- **Exercise instructions**
An exact reproduction of all entries is required.

○ ○ ○

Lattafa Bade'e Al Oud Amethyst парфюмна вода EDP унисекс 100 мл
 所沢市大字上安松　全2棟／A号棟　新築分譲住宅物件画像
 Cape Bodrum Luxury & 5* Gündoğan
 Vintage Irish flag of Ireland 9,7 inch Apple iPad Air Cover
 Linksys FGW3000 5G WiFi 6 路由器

○ ○ ○

- **Written reply**
Lattafa Bade'e Al Oud Amethyst парфюмна вода EDP унисекс 100 мл
 所沢市大字上安松　全2棟／A号棟　新築分譲住宅物件画像
 Cape Bodrum Luxury & 5* Gündoğan
 Vintage Irish flag of Ireland 9,7 inch Apple iPad Air Cover
 Linksys FGW3000 5G WiFi 6 路由器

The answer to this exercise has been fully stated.